Basic Gluten Free Quickbread recipe

I'm going to do something different for a little while. We're eating a lot more eggs these days, I'm also cooking more gluten free meals. Instead of a run down of my day I'm going to post some of the new to me recipes.
Ever since I met Dr.

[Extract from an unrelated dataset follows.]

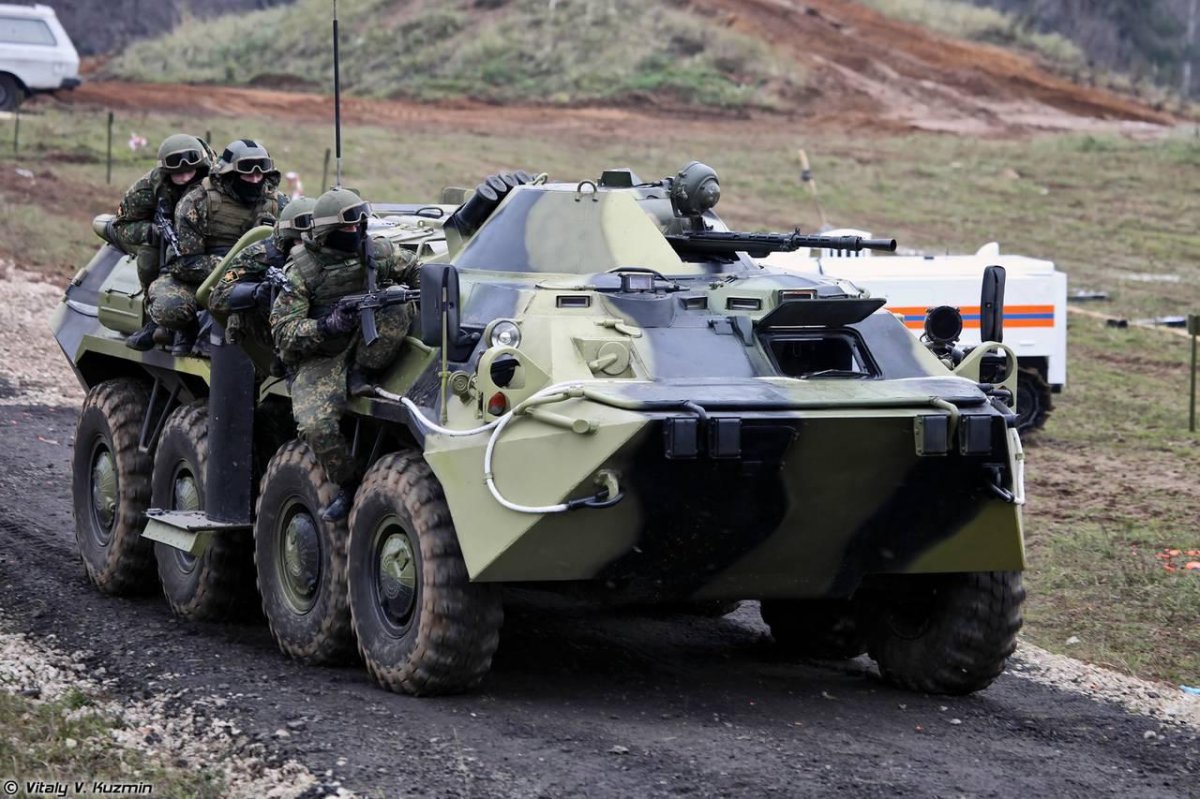 Машина БТР 80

Pate my kitchen mantra for meals has been a grain, a green, a bean (or protein), so some of these will skew plant based other than the eggs.
So here's what we had today, it's based off a recipe my friend Crystal gave me.

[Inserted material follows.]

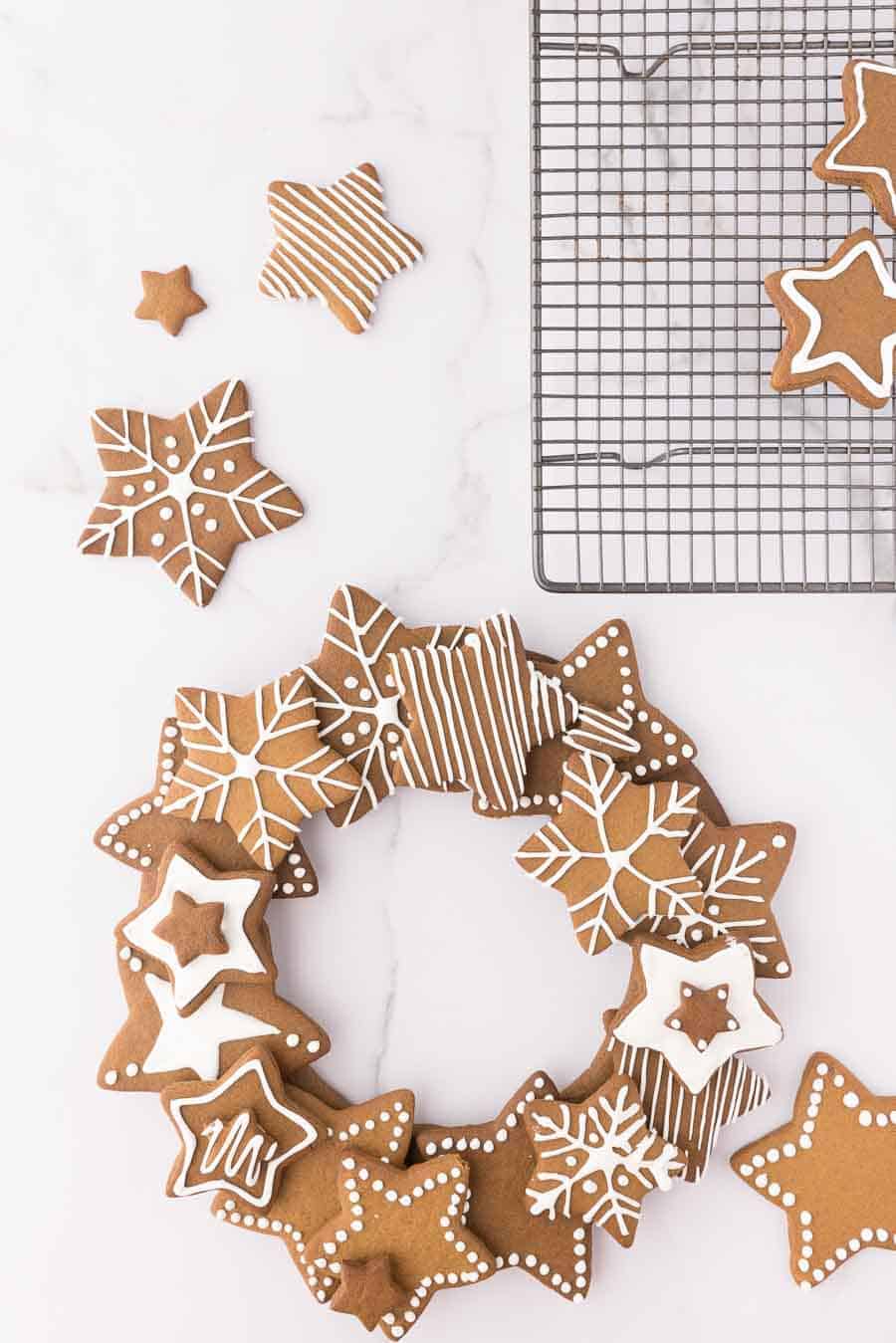 star shaped gingerbread cookie wreath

Basic Gluten Free Quickbread recipe
350F/175C Cook for one hour 2 - 9" loaf pan
INGREDIENTS
1 cup fruit/vegetables (ripe bananas, cooked pumpkin, shredded carrot, etc) measure by volume
4 eggs, lightly beaten
1/3 cup neutral oil
1/3 cup yogurt
2/3 cup besan flour
2/3 cup finely ground corn meal
2/3 cup cassava starch
2/3 cup sugar
2.5 tsp baking powder
1.5 tsp baking soda
1 tsp salt
1 cup add ins (nuts, cranberries, chocolate chips, seeds, raisins, etc)

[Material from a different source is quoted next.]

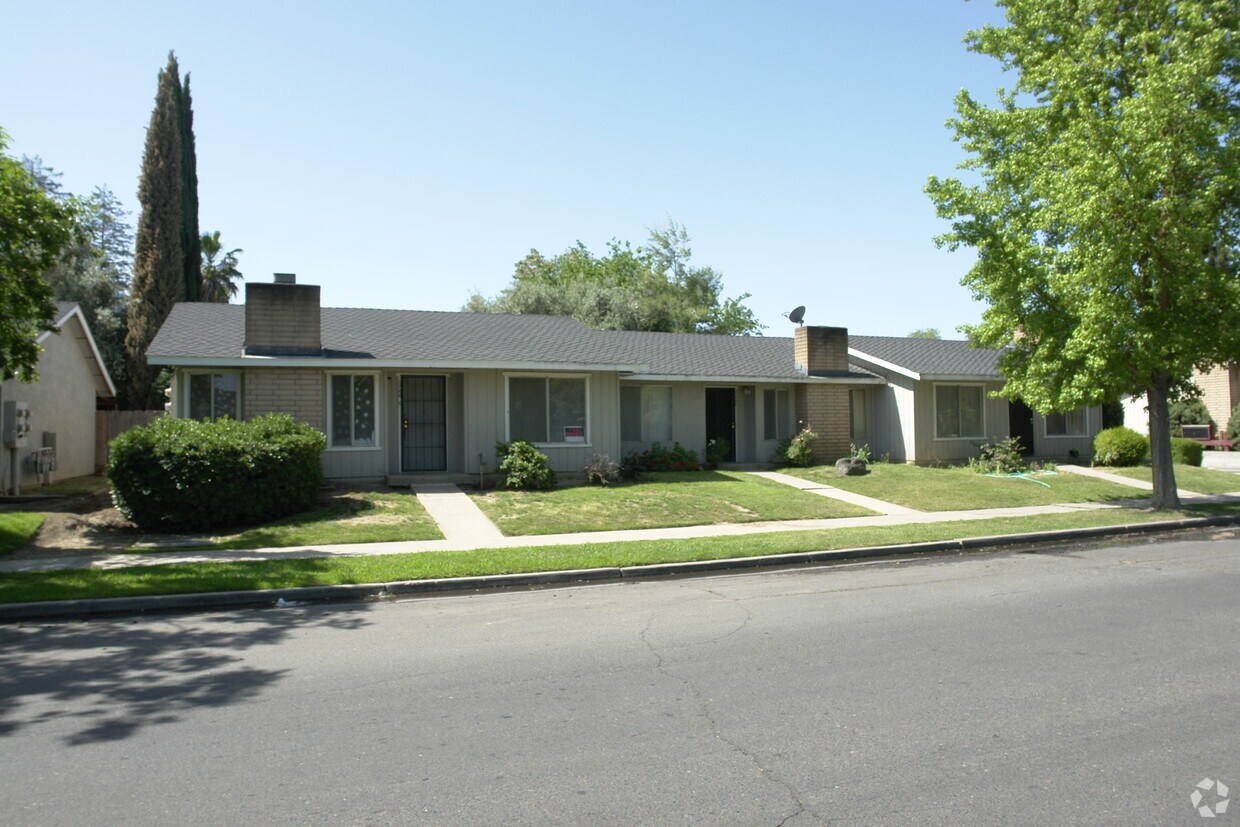 Primary Photo - 1700-1706 Conestoga Dr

Spice mixes - choose one, about 1/4 cup total
Pumpkin pie - 2 tsp vanilla, 2 tsp cinnamon, 1/2 tsp ground nutmeg, 1/2 tsp ginger
Chai spice - cardamom, cinnamon, cloves, ginger
Apple pie spice - vanilla, cinnamon, nutmeg, cardamom, allspice
DIRECTIONS
1) Preheat oven to 350F/175C
2) combine dry ingredients
3) separately mix wet ingredients well, add the combined dry ingredients, gently fold together just until moist, turn into oiled and floured (or paper lined) loaf pans. Cook for 60 minutes. Let rest for 15 minutes before serving.